_WHAT TO PRODUCE_
In the records below, find the line containing "Bollywood songs Bingo", then copy that line and all lines after it, exactly, omitting every picture.

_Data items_

──────────────────────────────

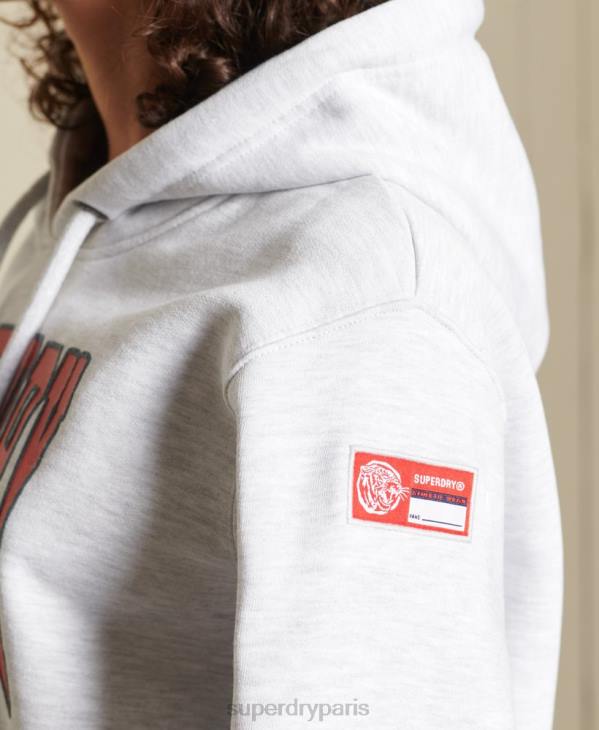 Superdry femmes sweat à capuche ana graphique bohème D64Z5956 vêtements gris clair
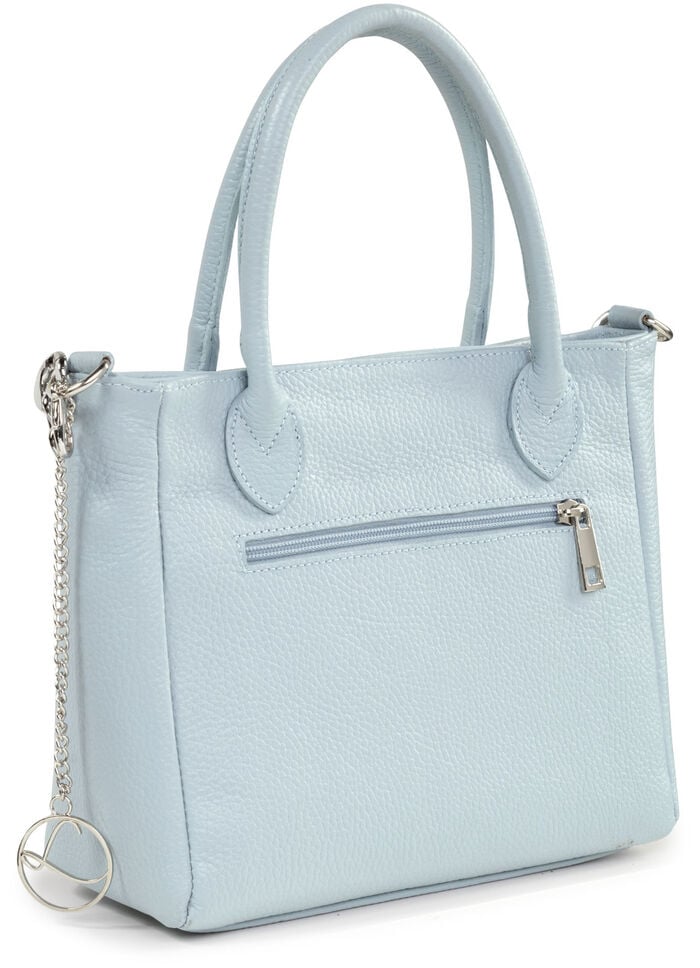 Laurina Tasche aus genarbtem Kalb-Nappaleder mit Zierkette HELLBLAU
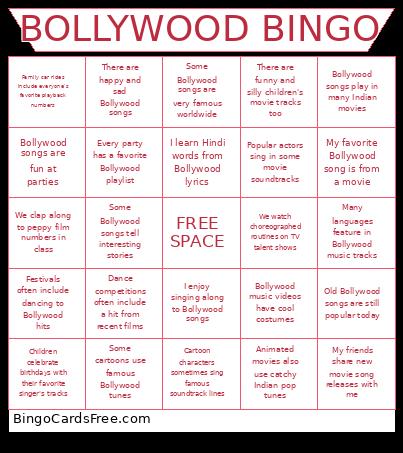 Bollywood songs Bingo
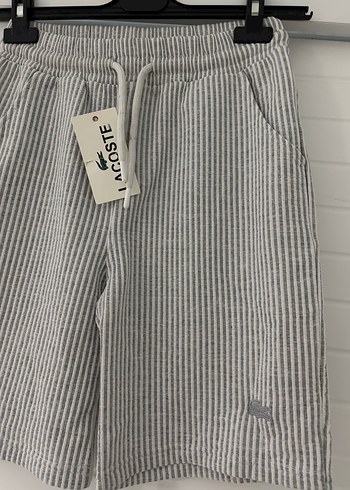 Lacoste Gri Çizgili Keten Şort - Görsel 2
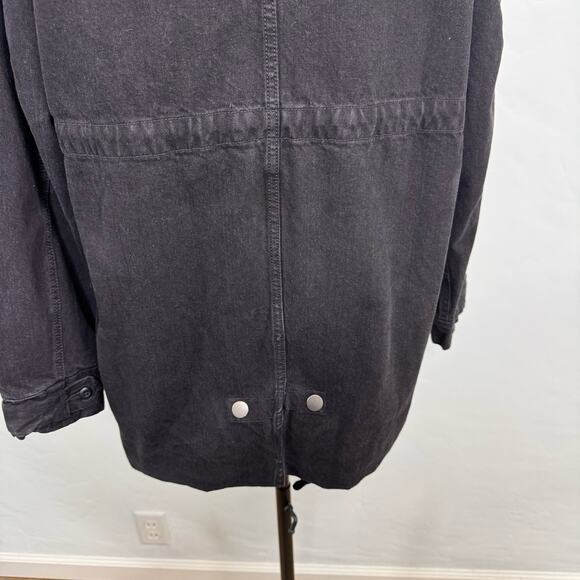 Urban Outfitters BDG Denim Utility Jacket Black Jean Oversized Goth Size M - Picture 8 of 13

──────────────────────────────

_ANSWER FOR THE TASK_
 Bollywood songs Bingo
 Lacoste Gri Çizgili Keten Şort - Görsel 2
 Urban Outfitters BDG Denim Utility Jacket Black Jean Oversized Goth Size M - Picture 8 of 13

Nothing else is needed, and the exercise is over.